1月29日、第4期叡王戦本戦準決勝の渡辺明棋王―菅井竜也七段戦が行われ、菅井七段が勝って永瀬拓矢七段が待つ挑戦者決定三番勝負に進出しました。叡王戦の挑戦者決定戦展望は後日書かせていただくとして、本日は敗者・渡辺棋王についてのお話です。渡辺棋王はこの対局前まで15連勝中。この記録は今年度、全棋士中トップとなっています。
佐藤名人の14連勝を1勝上回るも、若手3人が猛追!
しかも、ネット上で話題になるほどトップ棋士ばかり、そうそうたるメンバーを相手にしての15連勝でしたが、菅井七段に敗れ、ついに途切れてしまいました。それまで14連勝で1位だった佐藤名人をわずか1勝分上回り、記録更新となりました。佐藤名人の側から見れば、年度末の土壇場でかわされてしまった、という印象です。
では渡辺棋王が「連勝賞」獲得か? といいますと、もう少し上乗せできていれば「確定」を出せる可能性もありましたが、「15」ではそう簡単ではないようです。
なぜなら、藤井聡太七段、佐々木大地四段、大橋貴洸四段、3人の若手棋士が10連勝中で渡辺棋王の背中を追いかけているからです。
藤井七段は説明するまでもなく高勝率、そして何と言っても29連勝の歴代1位記録保持者ですし、藤井七段が飛び抜けてしまってはいますが、佐々木四段、大橋四段も高勝率を誇る期待の若手棋士です。
佐々木四段は6連勝で迎えた1月18日、第60期王位戦予選決勝で広瀬章人竜王を破り2期連続の挑戦者決定リーグ入りを決め、トップ棋士と十分に渡り合えることを証明していますし、大橋四段は藤井七段とプロ同期で、あまりにも勝ち過ぎる藤井七段の陰に隠れてしまいがちですが、通算勝率[0.7363]は全棋士中、藤井七段に次ぐ2位の好成績なのです(※1/31現在、対局数の極端に少ない新人を除く)。

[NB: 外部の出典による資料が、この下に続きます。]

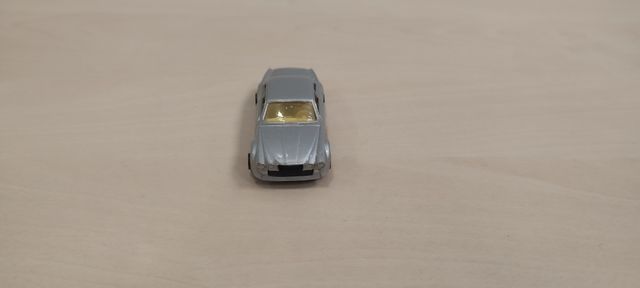 Coche guisval escala 1/64 Jaguar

ちなみに、藤井七段と大橋四段の公式戦直接対決は2-2の五分となっています。
今年度はあと2カ月で終了します。ここへ至っては自身で何ができるわけでもありませんが、渡辺棋王は連勝部門で逃げ切ることができるでしょうか。それとも藤井七段、佐々木四段、大橋四段のうち誰かが抜き去るでしょうか。今回は「連勝賞」に触れましたが、各棋戦の進行とともに「勝数」「対局数」「勝率」を合わせた記録4部門を誰が制するかに注目するのもこの時期の楽しみです。